Re: temp sensors stopped after 25 days of usage

#7 Post by Ath » 16 Sep 2020, 08:04

TD-er wrote: 15 Sep 2020, 22:58 I have seen the 'connected' time indeed reporting negative values.
Not sure if it is related, but at least it is a good starting point to see what else may be wrong here.

I guess it may be something simple as the timeDiff (returning a signed int) is assigned to an unsigned int.

Those bugs were not manifesting themselves roughly a year ago... so I guess we're on the right path here :)
Well, those counting down connection times I don't care much about, but the annoying part is the unit no longer sends data, including over the UDP channel, with no other clues than nothing received at the other end, even though the web interface is still working as expected.
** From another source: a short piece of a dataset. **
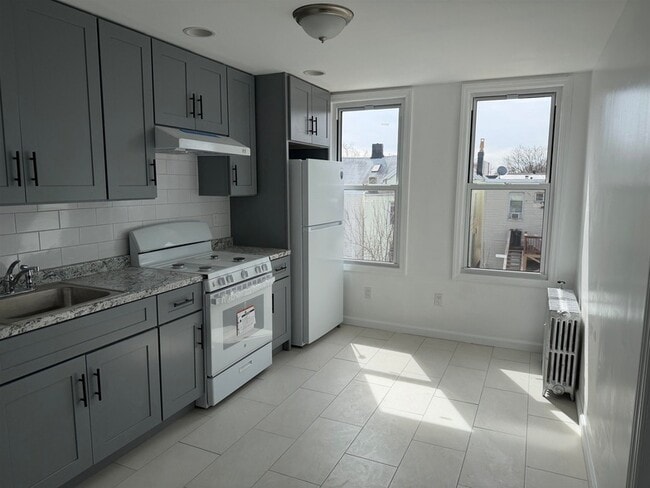 Building Photo - 419 4th St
It does receive data from the UDP channel, as all other ESP's, active < 25 days, are visible on the Main page of the web interface.
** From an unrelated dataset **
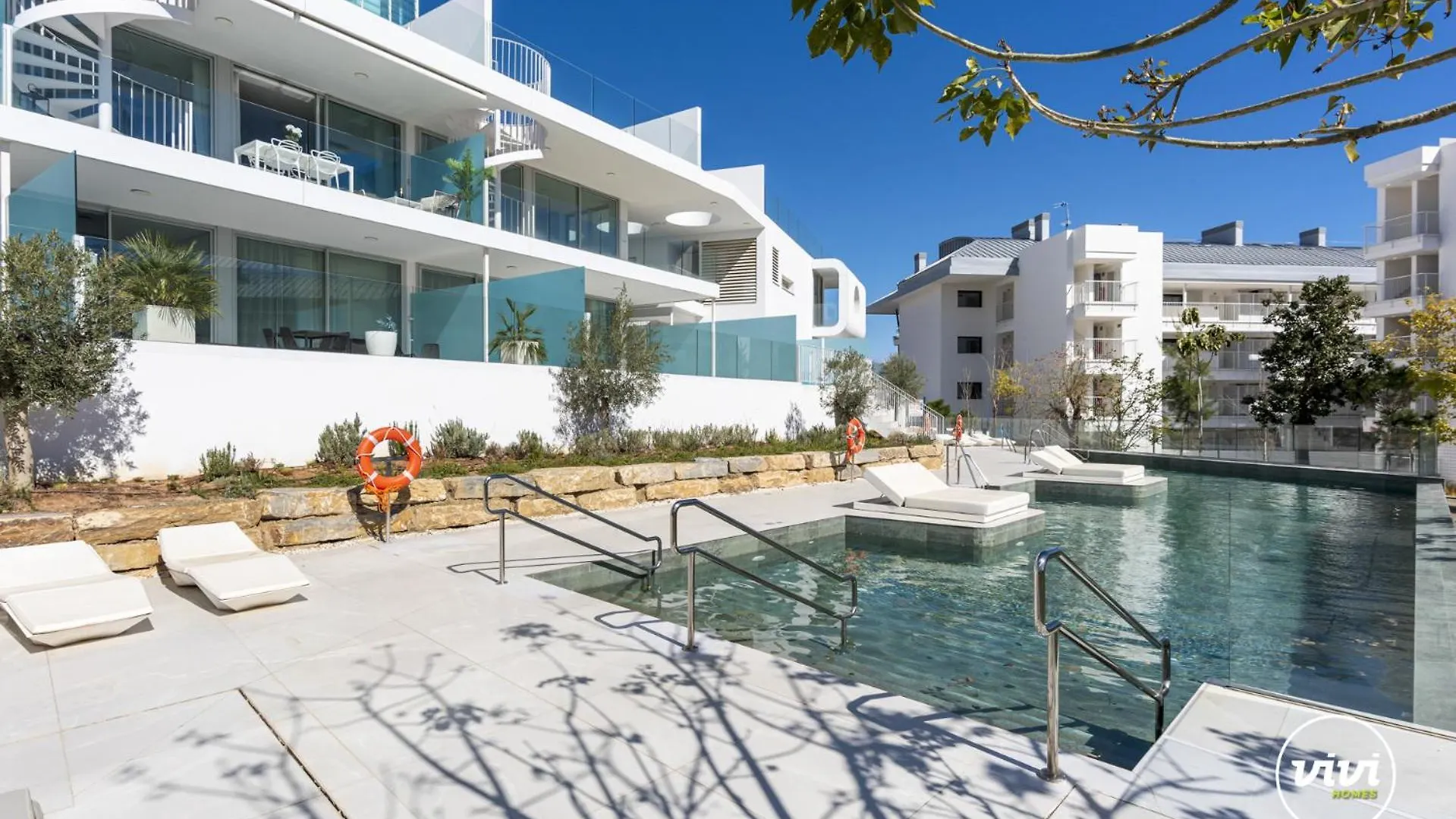 Vivi Homes - Dior Pool, Terrace & Sea View Spanyolország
A reboot fixes it for the next 25 days (I assume).
/Ton

TD-er
Core team member
Posts: 3357
Joined: 01 Sep 2017, 22:13
Location: the Netherlands
Contact:

Re: temp sensors stopped after 25 days of usage

#8 Post by TD-er » 16 Sep 2020, 09:22

Well I can imagine the error would be something like this:

Code: Select all

int i = millis();
if (i > (some_prev_value + 100)) {
...
}
or maybe something like this:

Code: Select all

unsigned int i = timePassedSince(some_prev_value);
if (i < 1000) {
...
}
What controller(s) do you use?

User avatar
Ath
Normal user
Posts: 242
Joined: 10 Jun 2018, 12:06
Location: NL

Re: temp sensors stopped after 25 days of usage

#9 Post by Ath » 16 Sep 2020, 13:05

Domoticz MQTT, I can switch one, or a few, to Domoticz HTTP, but that will probably not explain why the devices become invisible on the UDP network...
/Ton

TD-er
Core team member
Posts: 3357
Joined: 01 Sep 2017, 22:13
Location: the Netherlands
Contact:

Re: temp sensors stopped after 25 days of usage

#10 Post by TD-er » 16 Sep 2020, 14:26

Is the time displayed correct on those nodes?
And the unixTime?

User avatar
Ath
Normal user
Posts: 242
Joined: 10 Jun 2018, 12:06
Location: NL

Re: temp sensors stopped after 25 days of usage

#11 Post by Ath » 16 Sep 2020, 20:06

NTP is enabled on all ESP's here, so time should be fine (didn't see a discrepancy in date/time when the unit wasn't sending out data), and as I assume unixtime is directly derived from the NTP time, that should be fine as well.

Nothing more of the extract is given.